Little Servant Girl, c. 1916

The first painting by Modigliani to enter the Institute's collection, The Little Servant Girl is typical of the genre portraits he produced during the years 1915 through 1920. Influenced by Cezanne's portraits, Modigliani developed a unique style characterized by exaggerated forms and elongated features. He used broad areas of color to great spatial effect and distorted features for the sake of aesthetic beauty. Preoccupied with line, he sought to create the abstract by rendering only a few necessary details realistically, emphasizing swift suggestion rather than precise definition.

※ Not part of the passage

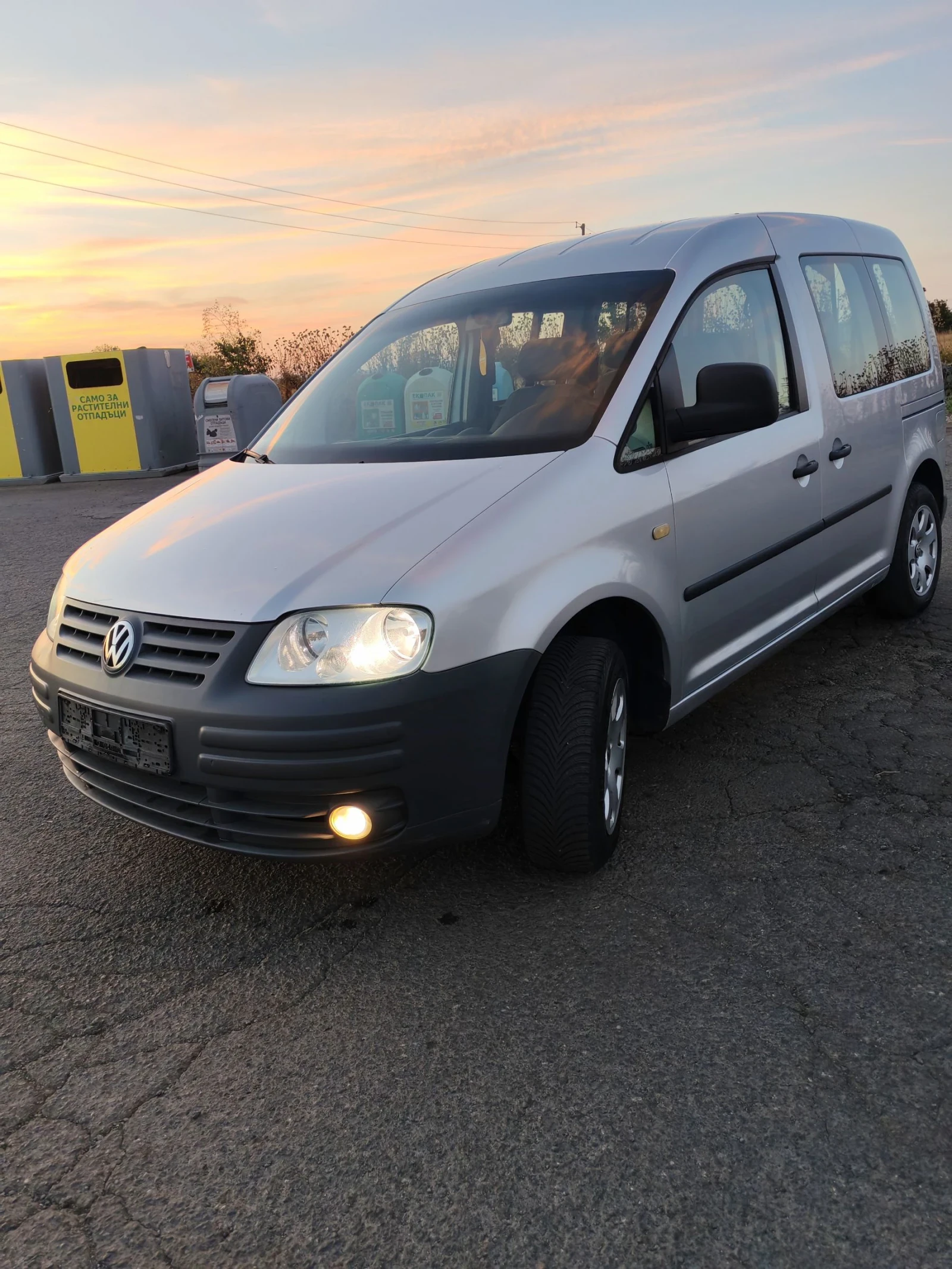 VW Caddy LIFE 1.6I ГАЗ /ОБСЛУЖЕН /, снимка 6 - Автомобили и джипове - 55076253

Through his eyes, prostitutes, servants, friends, and the children of the Montparnasse were treated with equal importance; indeed, he provided each of them with an elegant poise, exemplified here with the folded hands and dignified bearing of this otherwise anonymous Parisian girl.

Little Servant Girl
Artist Life
Accession Number
Gaston Bernheim, Paris. [Galerie Bernheim-Jeune, Paris, in 1922] [1]. André Lefevre. Jos Hessel, Paris. Sale, Paris, Hotel Drouot, June 1, 1932, no. 39, repr. [Lefevre Gallery, London]. [2] James Archdale, England. Duncan MacDonald, London. Sale, July 7, 1948, for £1,057; [Dalzell Hatfield Gallery, Los Angeles, by 1948]. Fanny Brice, Los Angeles, California (until d. 1951);[3] [Dalzell Hatfield Gallery, Los Angeles, 1952; sold to Maslon]; Samuel H. and Luella R. Maslon, Palm Springs, California and Wayzata, Minnesota (1952–1959; given to MIA) [1] Bernheim-Jeune lent work to Venice Biennale, listing value at 22,000 livres. [2] Lefevre owned half interest in the painting with Hatfield. Stock no. 153/47. [3] According to the Minneapolis Star Tribune article (1959), "The painting was purchased in California 10 years ago from the collection of the late Fanny Brice." The work was still in the collection of Brice when she loaned it to MoMA in 1951.